How do you know if your business is successful? How do you measure success? The Balanced Scorecard can help.

In 1992 Robert Kaplan and David Norton wrote an article for the Harvard Business Review titled “The Balanced Scorecard – Measures that Drive Performance”. The article was the result of a year long research project into 12 companies at the leading edge of performance management.

They observed that companies easily fall into measuring either financial performance or operational performance and proposed that successful performance management had to be much more balanced across the complete business. The model they proposed – The Balanced Scorecard – has since been used extensively in all types of organization.

“What you measure is what you get.” Kaplan & Norton

The Balanced Scorecard

The Balanced Scorecard looks at a business’s strategy and performance from four different perspectives: the financial perspective, the customer perspective, the internal/business processes perspective, and the innovation & learning perspective. The model proposes that the choice of strategic objectives and the measurement of those objectives should happen within each of these four perspectives so that business’s success is measured in a complete way.

Financial Perspective

To achieve your vision, how should the business look to owners or shareholders?

Measurement Examples:

  • Net profit
  • Gross profit margin
  • Return on investment
  • Return on capital employed

Customer Perspective

To achieve your vision, how should customers see you?

Measurement Examples:

  • Market share
  • Conversion rate
  • Customer satisfaction
  • Customer turnover rate
  • Customer complaints

Internal/Business Processes Perspective

To achieve your vision, what must the business excel at?

Measurement Examples:

  • Capacity utilisation
  • Order fulfilment time
  • Stock turnover
  • Down time
  • Quality levels

Innovation and Learning Perspective

To achieve your vision, how will you maintain the ability to change and improve?

Measurement Examples:

  • Personnel turnover
  • Patents filed
  • Sales of new products as a percentage of total products
  • Market share growth from new products
  • Ideas/suggestion levels

 

Applying the ModelThe Balanced Scorecard

The purpose of the Balanced Scorecard isn’t to have more measures but to have the right measures. Once you start measuring something your business resources should be spent trying to improve those measures. “What you measure is what you get.”
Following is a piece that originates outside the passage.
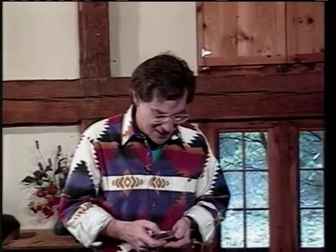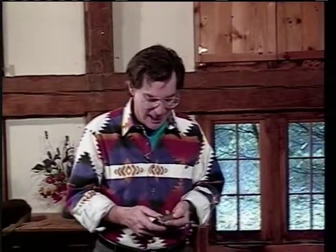This is John Sebastian, and this is Jim Vivino. We figured it was an appropriate place to give you some of the rudiments of blues harmonica.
1. Identify the strategic ‘Objectives’ within each perspective.

What must happen in each perspective to fulfill the vision?

2. Determine what ‘Measures’ you can use to evaluate progress towards those objectives.

What are your key performance indicators going to be?

3. Choose ‘Targets’ for each of the measures.

The targets you choose must be realistic and attainable if they are going to encourage the performance you want.

4. Identify ‘Initiatives’ to meet those targets.

Use the initiatives that you identify as the basis for creating plans and budgets that you can use day to day.

 

Summary

The Balanced Scorecard is a simple framework that provides a more complete approach to choosing targets and measures. It should give you confidence that you know how successful your business is actually being and, of course, it is another tool that can help to set your business free.